The competition starts with teams operating a robot in a simulated Martian dust storm

5 min read
NASA Space Robotics Challenge R5 Valkyrie humanoid robot
Image: NASA

Last year at the DARPA Robotics Challenge Finals, NASA announced a new challenge for humanoid robots: the Space Robotics Challenge (SRC), which will “prepare robots for the journey to Mars.” Just like the DRC, the first stage of the SRC will consist of a virtual challenge, run in the Gazebo simulator, followed up by a physical challenge using NASA’s R5 Valkyrie robots.

As of yesterday, NASA has opened registration for the SRC, and we’ll take a look at the format of the competition, the challenges that teams will need to complete, and what they can take home for winning.

The Space Robotics Challenge focuses on developing software to increase the autonomy of dexterous mobile robots—particularly those of humanoid format—so they can complete specific tasks during space travel or after landing on other planets (such as Mars), as well as on Earth. Eventually, these robots will assist us with tasks such as:

  • Deploying and preparing habitats, power systems and other infrastructure on Mars before humans arrive.
  • Disaster relief and industrial plant maintenance on our own planet.

The following virtual challenge scenario serves as a backdrop for developing coding advancements that enable the autonomy of humanoid robotics:

In the not too distant future, R5 has arrived on Mars along with supplies ahead of a human mission. Overnight a dust storm damaged the habitat and solar array, and caused the primary communication antenna to become misaligned. R5 must now repair an air leak in the habitat, deploy a new solar panel, and align the communication antenna.

Sounds like fun, right? Right!

The winner of the SRC Virtual Challenge gets US $125,000, with $100,000 going to second place, $50,000 to third, and $25,000 to fourth.
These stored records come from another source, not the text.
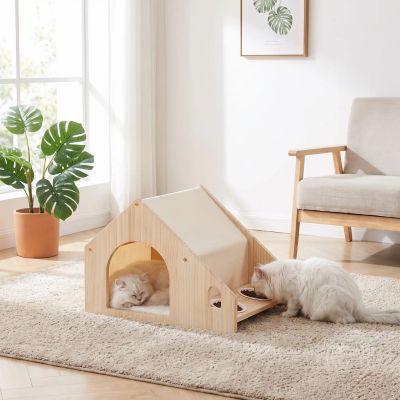 Maisonnette chat bois PetReposRepas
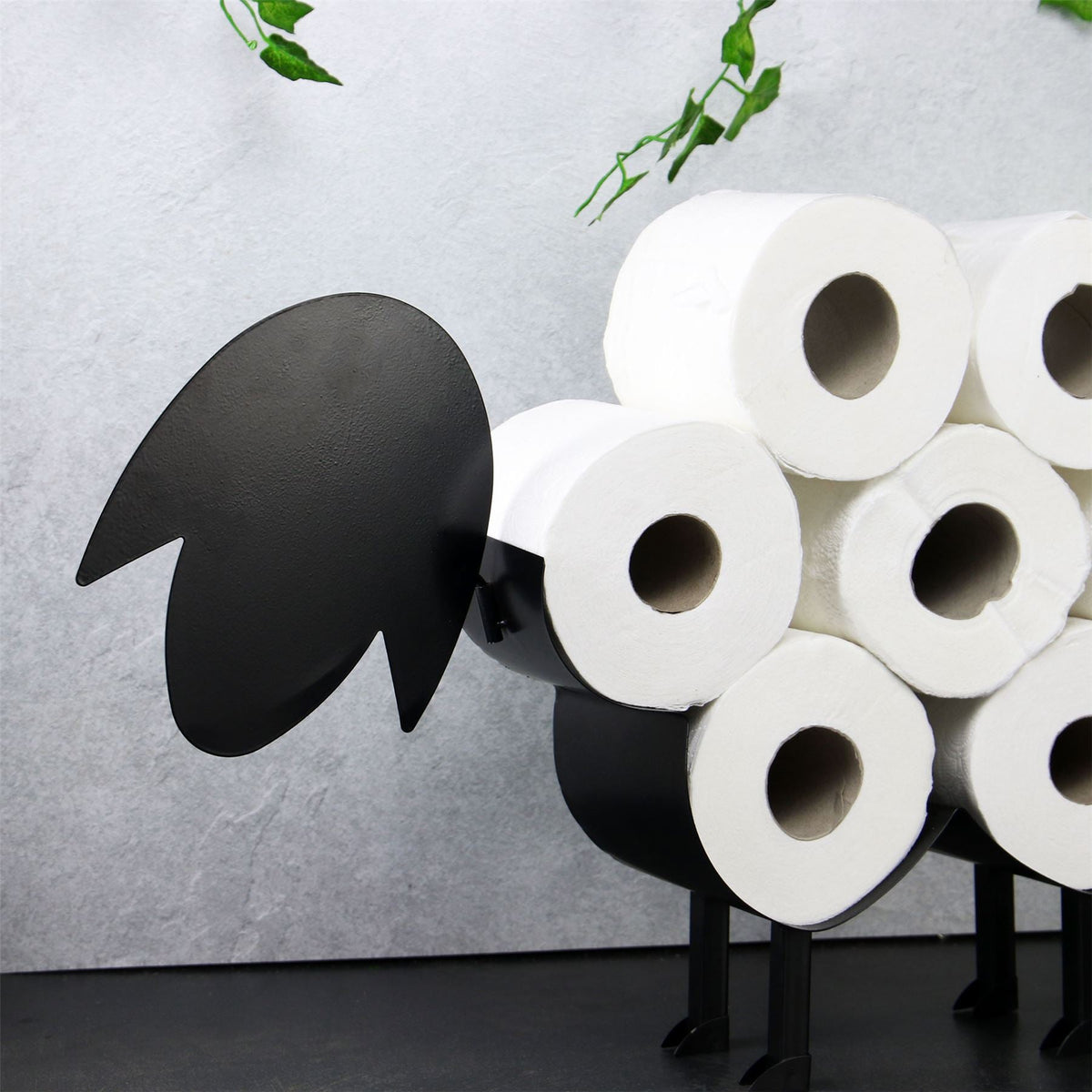 Pukkr Sheep Toilet Roll Holder | Freestanding Steel | Holds 7 Rolls | Novelty Bathroom Décor | No Fixings Required | Assembly Required | 53.5x32.5x12.5cm | 2-Year Warranty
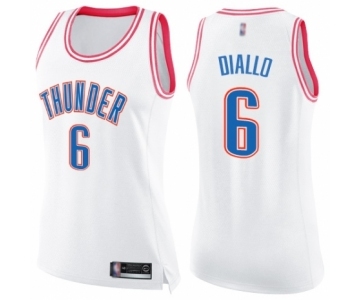 Women's Oklahoma City Thunder #6 Hamidou Diallo Swingman White Pink Fashion Basketball Jersey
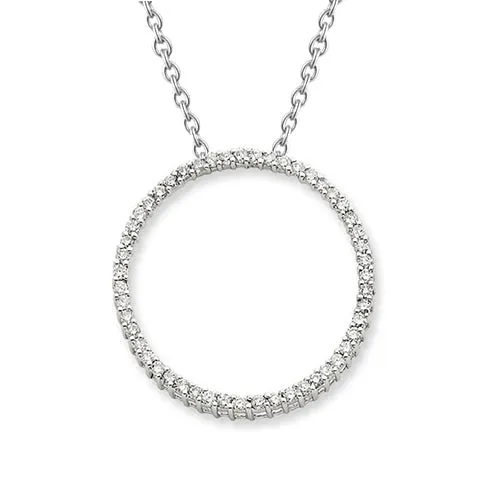 GB Necklaces Genuine Natural Earth Mined Diamond Circle Pendant 345 Carats 14K White Gold GB Necklaces Genuine Natural Earth Mined Diamond Circle Pendant 345 Carats 14K White Gold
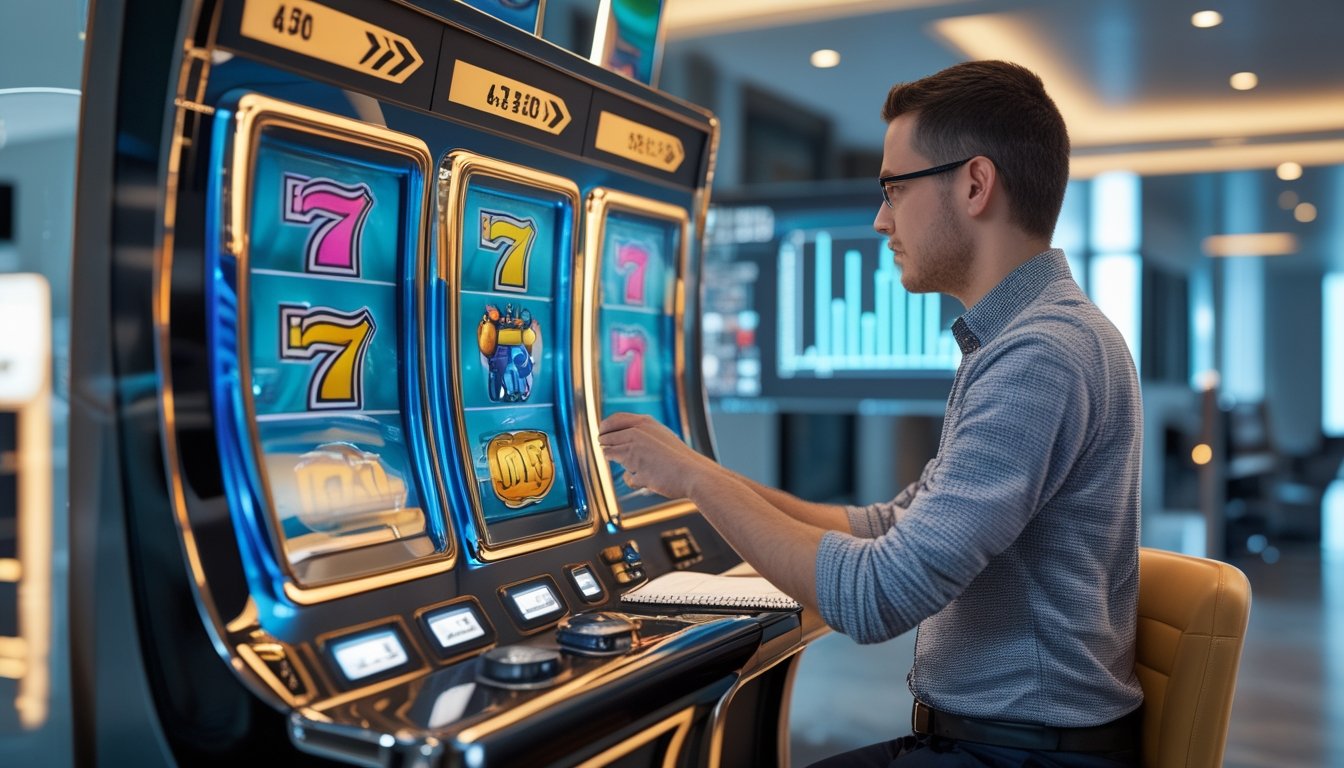 Seseorang mengamati mesin slot modern dengan tampilan grafik analisis abstrak di ruang permainan yang rapi.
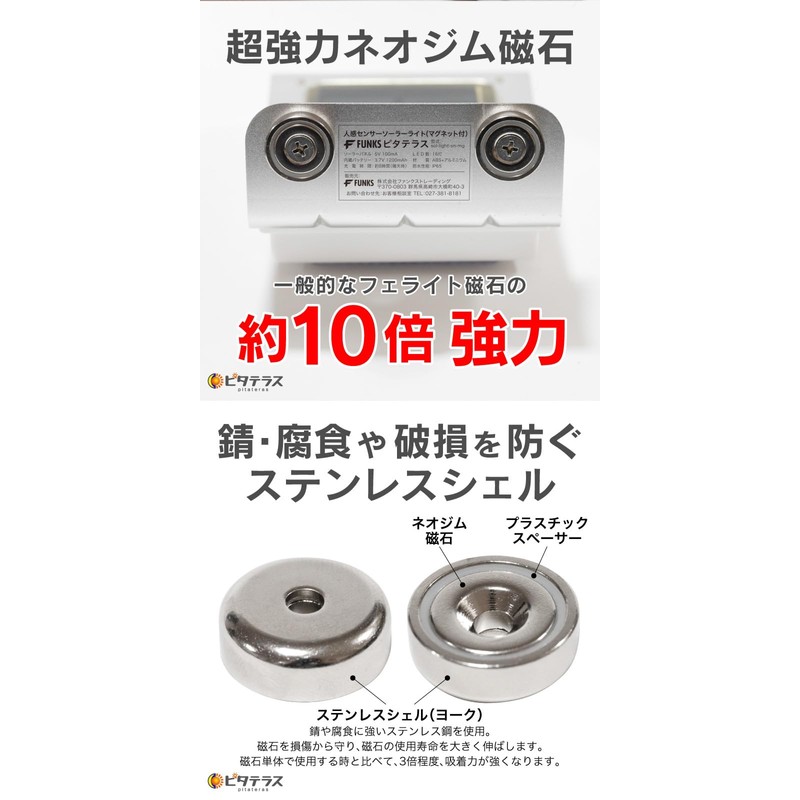 FUNKS Solar Light, Motion Sensor, Magnet, Outdoor, Waterproof, Motion Sensor,
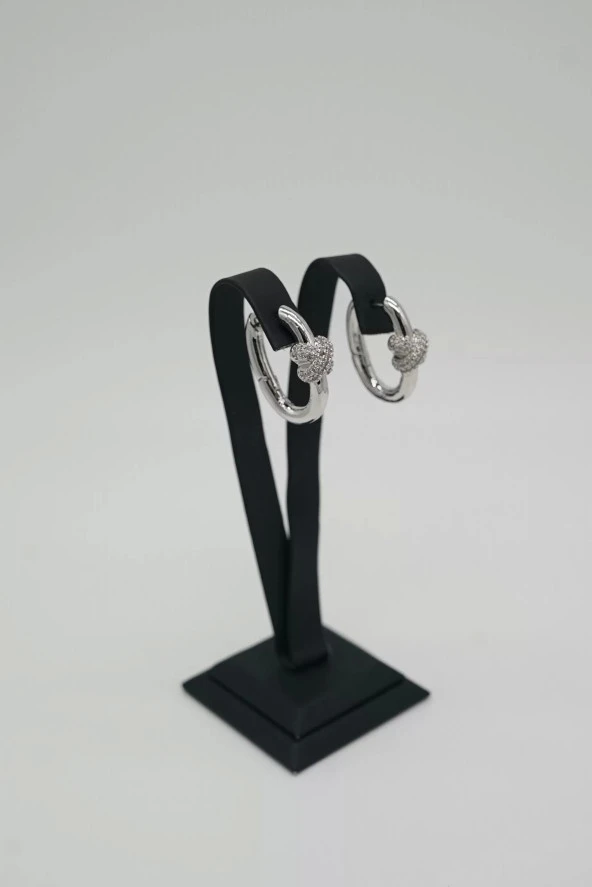 Zirkon Taşlı Düğüm Desen Gümüş Renk Halka Çelik Küpe - 2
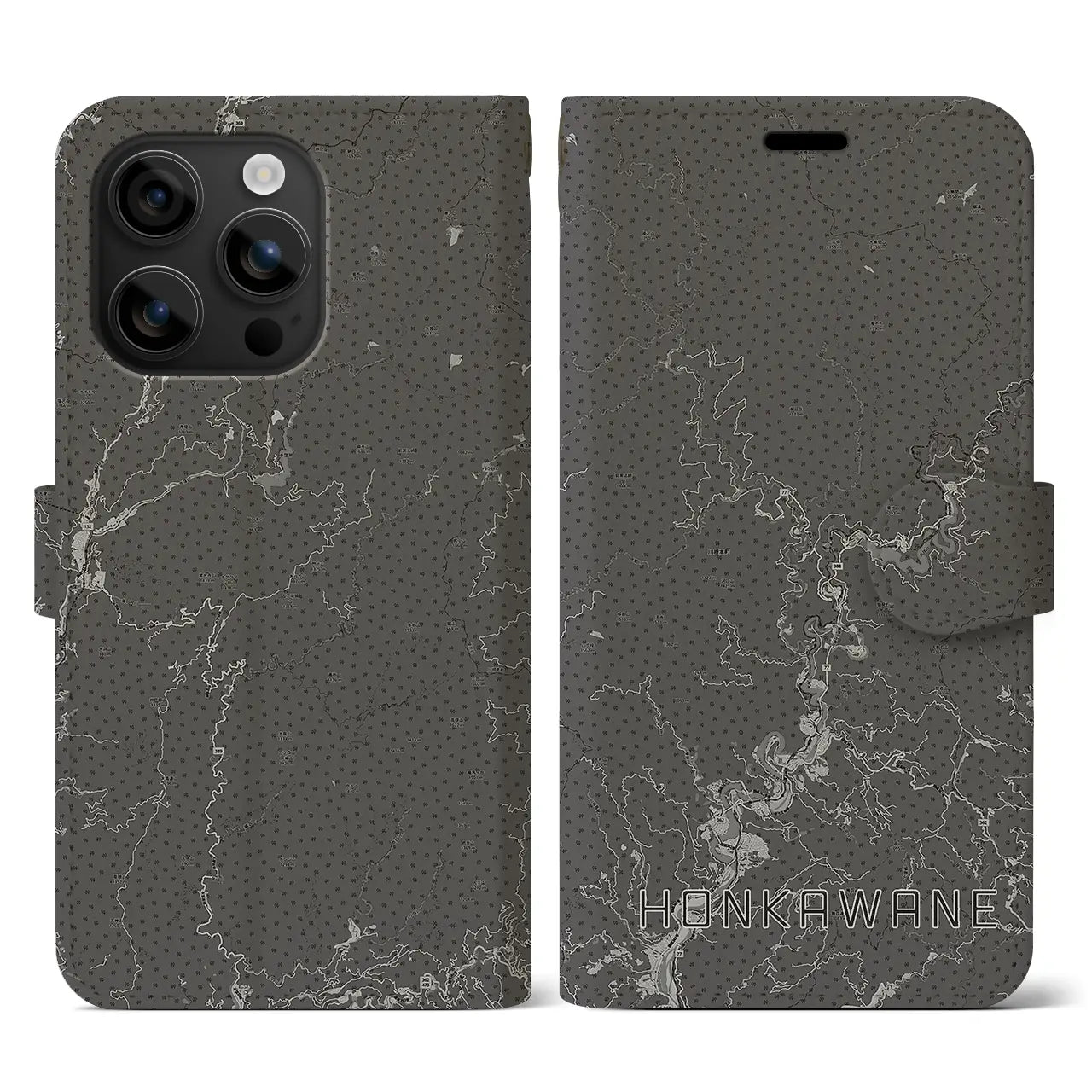 【本川根(静岡県)】地図柄iPhoneケース(手帳タイプ)モノトーン・iPhone 16 用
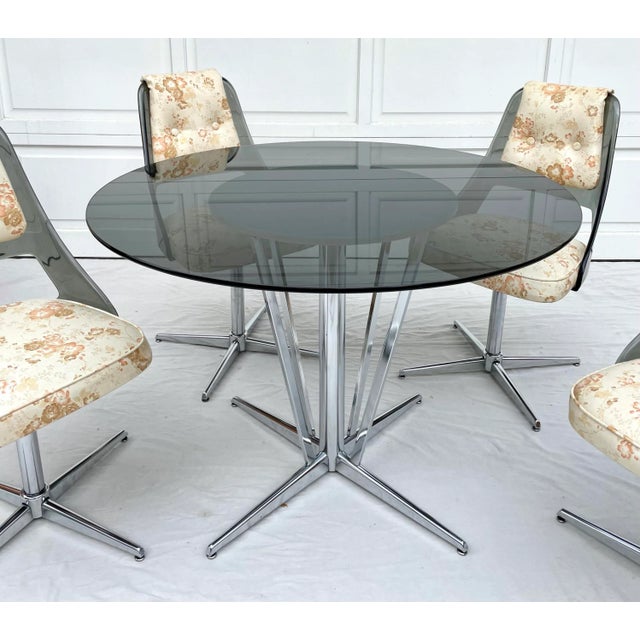 Metal MCM Smoky Glass, Lucite and Chrome Dining Table Set For Sale - Image 7 of 13
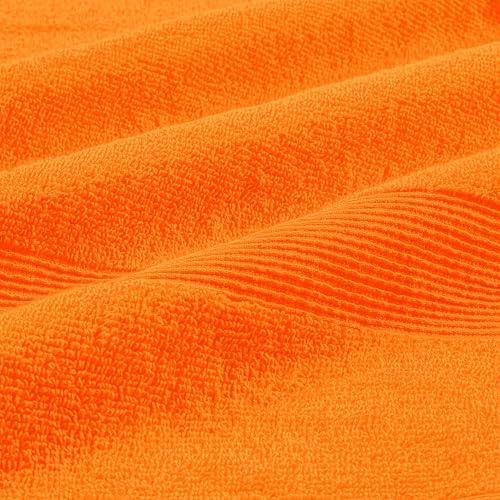 Belizzi Home 4 Pack Bath Towel Set 27x54, 100% Ring Spun Cotton, Ultra Soft Highly Absorbent Machine Washable Hotel Spa Quality Bath Towels for Bathroom, 4 Bath Towels - Orange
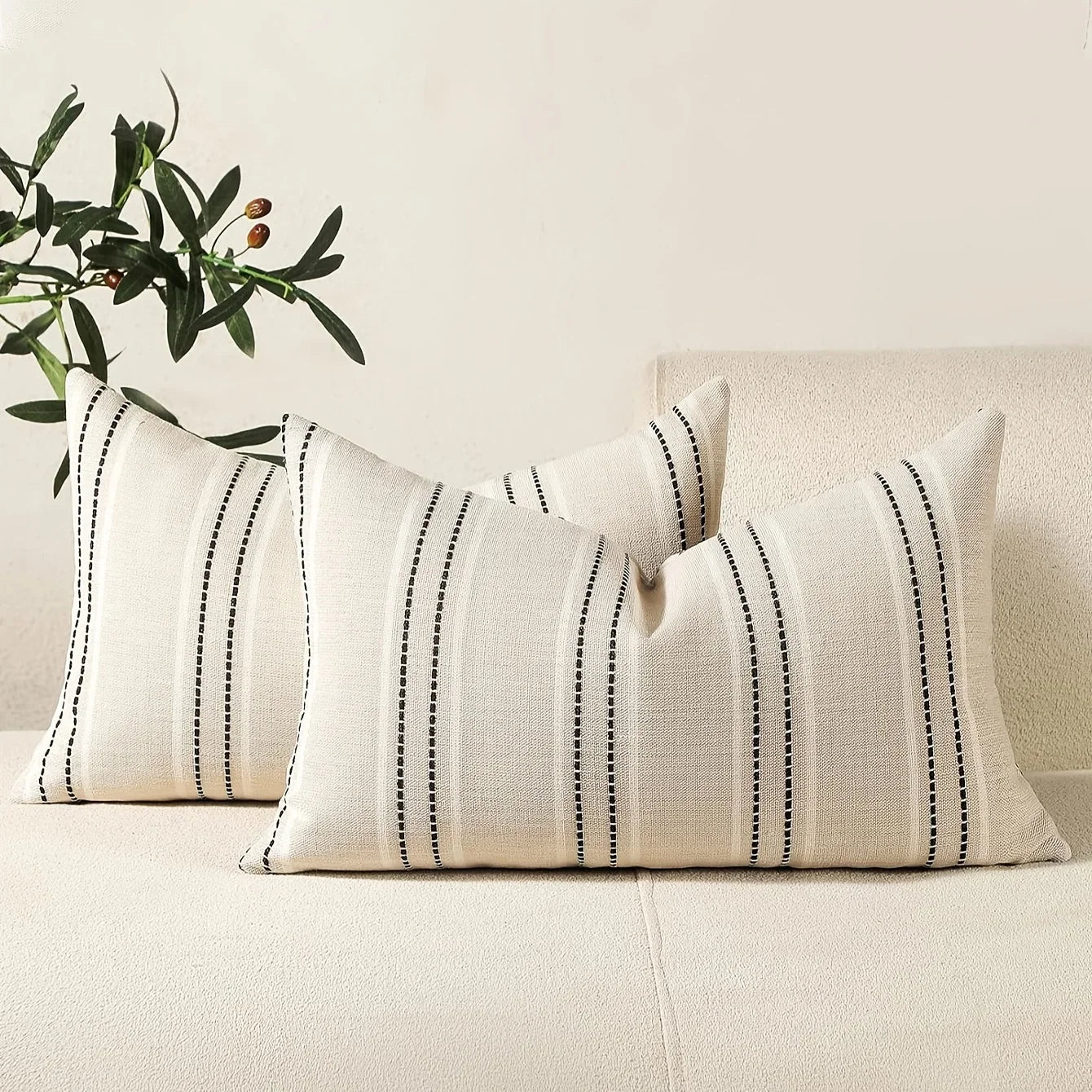 Boho Linen Throw Pillow Cover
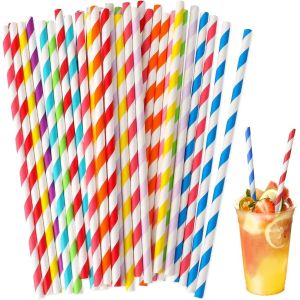 100Pcs Colorful Disposable Paper Straws Colorful Striped Paper Straws for Party Milk Tea Shop Juice or Coffee Drink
Additionally, as many as six teams can take home a $50,000 bonus for completing all 18 subtasks consecutively within one single run.

Anyone can enter the challenge, although the team leader of each team must be a U.S. citizen. In order to win a prize (for NASA to give you taxpayer money, in other words), 51 percent of the team must be U.S. citizens, although if you’re a student at a U.S. university, that counts. It sounds like foreign teams can still enter and compete and win; they just won’t get any prize money for doing so. Bummer.

Before the SRC itself, there’s a qualification round. A simulated R5 will have to identify a pattern of colored lights blinking on a panel, push a button, and walk through a doorway without falling down. The 20 top scoring teams (based on speed and accuracy) will each get US $15,000 and move on to the virtual competition itself, which will go something like this:

Teams will use software to control a simulated R5 in order to resolve the problems caused by the dust storm. Each team will be evaluated according to a scoring metric that considers the number of tasks completed and the time required to complete the tasks.

The competition arena will contain a rover, solar panels, communication dish, and a habitat on a Martian plain. Each component will be within eyesight and walking distance of each other. Practice environments, similar to those used in the final competition, will be provided to teams.

Task 1: Communication Dish

R5 will begin this task near a communication dish that is aligned incorrectly. R5 will be required to walk a short distance to the communication dish and locate two handles. One communication dish handle will adjust pitch and the other yaw. R5 will be provided with the current dish orientation and the desired orientation. A tolerance of five degrees in pitch and yaw is allowed. A message will be sent to R5 when the dish is correctly aligned.

Task 2: Solar Array

R5 will be required to walk to a rover in order to retrieve a new solar panel. After acquiring the new solar panel, R5 will walk to the solar array and deploy the new panel within reach of the power cable. Once deployed, R5 will connect the solar panel to the existing array.

The solar panel will have a handle for R5 to grasp and carry. Deployment of the solar panel consists of placing the solar panel on the ground and pressing a button on the top of the solar panel. An existing power cable, located on the ground near the solar array, must be picked up by R5 and plugged into the newly deployed solar panel.

Task 3: Air Leak 

R5 will be required to walk to the habitat, climb the stairs to the habitat entrance, enter the habitat, find an air leak using a leak detector tool, and repair the air leak using a patch tool. 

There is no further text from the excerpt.